Comparing Classifiers: Decision Trees, K-NN & Naive Bayes

A myriad of options exist for classification. In general, there isn’t a single “best” option for every situation. That said, three popular classification methods— Decision Trees, k-NN & Naive Bayes—can be tweaked for practically every situation.

Overview

Naive Bayes and K-NN, are both examples of supervised learning (where the data comes already labeled). Decision trees are easy to use for small amounts of classes. If you’re trying to decide between the three, your best option is to take all three for a test drive on your data, and see which produces the best results.

If you’re new to classification, a decision tree is probably your best starting point. It will give you a clear visual, and it’s ideal to get a grasp on what classification is actually doing. K-NN comes in a close second; Although the math behind it is a little daunting, you can still create a visual of the nearest neighbor process to understand the process. Finally, you’ll want to dig into Naive Bayes. The math is complex, but the result is a process that’s highly accurate and fast—especially when you’re dealing with Big Data.

Where Bayes Excels

1. Naive Bayes is a linear classifier while K-NN is not; It tends to be faster when applied to big data. In comparison, k-nn is usually slower for large amounts of data, because of the calculations required for each new step in the process.
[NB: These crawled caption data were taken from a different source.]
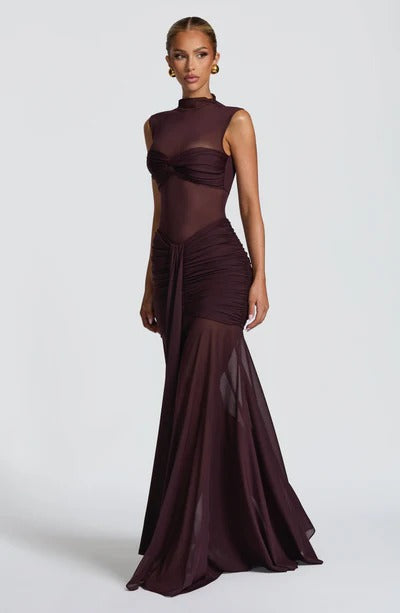 Vestido Longo com Tule Modern Ravih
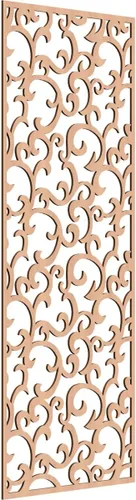 Miniatura 139 de Wheatland Paneles de pared decorativos de madera con calado, 9 3/8 pulgadas de ancho x 24 3/8 pulgadas de alto x 1/4 de alto, nogal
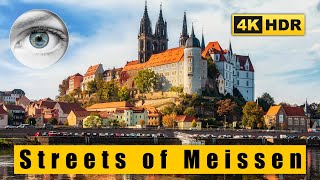 Germany in 4k walk Beautiful streets of Meissen Meißen 🇩🇪 HDR ASMR [upl. by Artkele159]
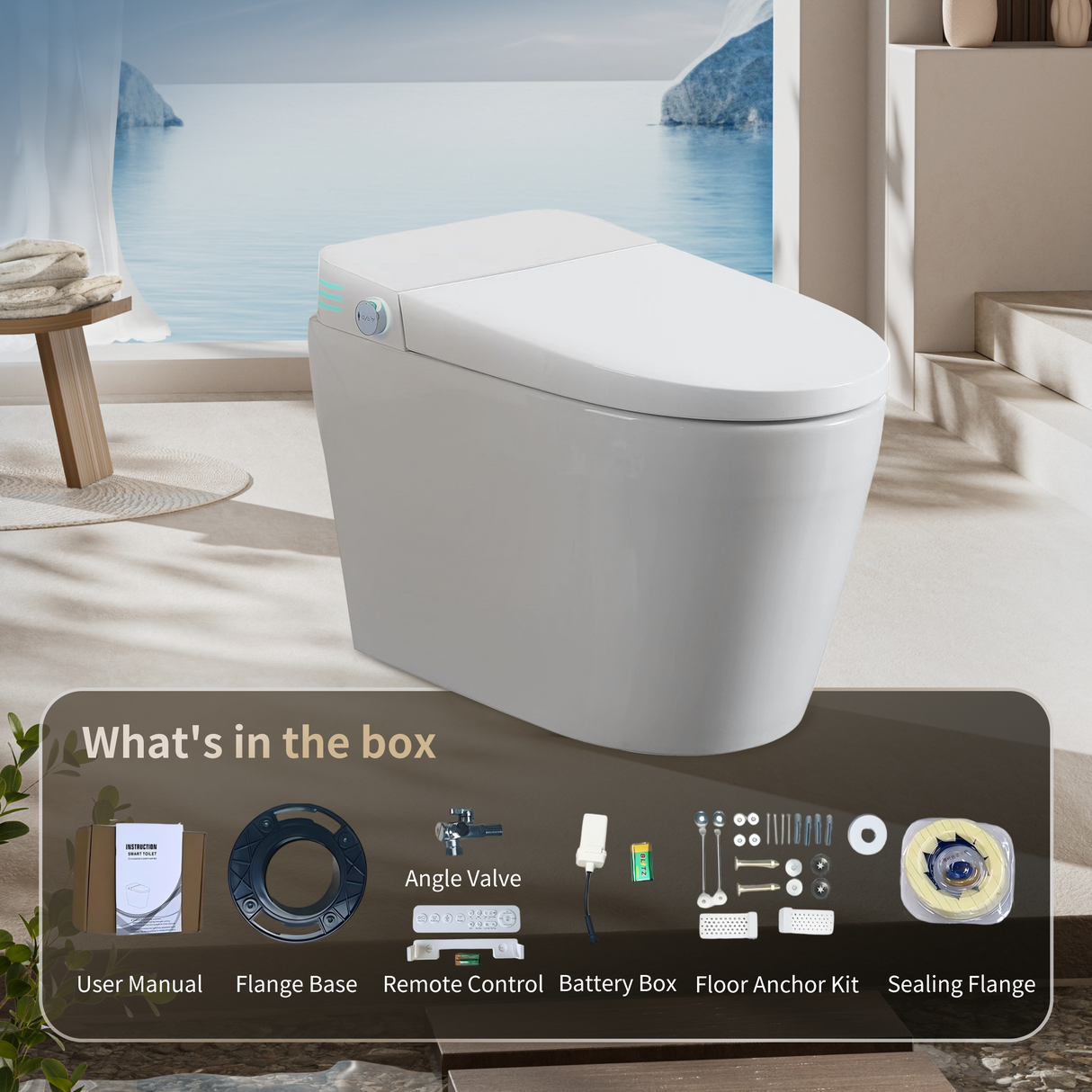 Tankless Smart Toilet With Bidet Built In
If speed is important, choose Naive Bayes over K-NN.

2. In general, Naive Bayes is highly accurate when applied to big data. Don’t discount K-NN when it comes to accuracy though; as the value of k in K-NN increases, the error rate decreases until it reaches that of the ideal Bayes (for k→∞).

3. Naive Bayes offers you two hyperparameters to tune for smoothing: alpha and beta. A hyperparameter is a prior parameter that are tuned on the training set to optimize it. In comparison, K-NN only has one option for tuning: the “k”, or number of neighbors.

4. This method is not affected by the curse of dimensionality and large feature sets, while K-NN has problems with both.

5. For tasks like robotics and computer vision, Bayes outperforms decision trees.

Where K-nn Excels

1. If having conditional independence will highly negative affect classification, you’ll want to choose K-NN over Naive Bayes. Naive Bayes can suffer from the zero probability problem; when a particular attribute’s conditional probability equals zero, Naive Bayes will completely fail to produce a valid prediction. This could be fixed using a Laplacian estimator, but K-NN could end up being the easier choice.

2. Naive Bayes will only work if the decision boundary is linear, elliptic, or parabolic. Otherwise, choose K-NN.

3. Naive Bayes requires that you known the underlying probability distributions for categories. The algorithm compares all other classifiers against this ideal. Therefore, unless you know the probabilities and pdfs, use of the ideal Bayes is unrealistic. In comparison, K-NN doesn’t require that you know anything about the underlying probability distributions.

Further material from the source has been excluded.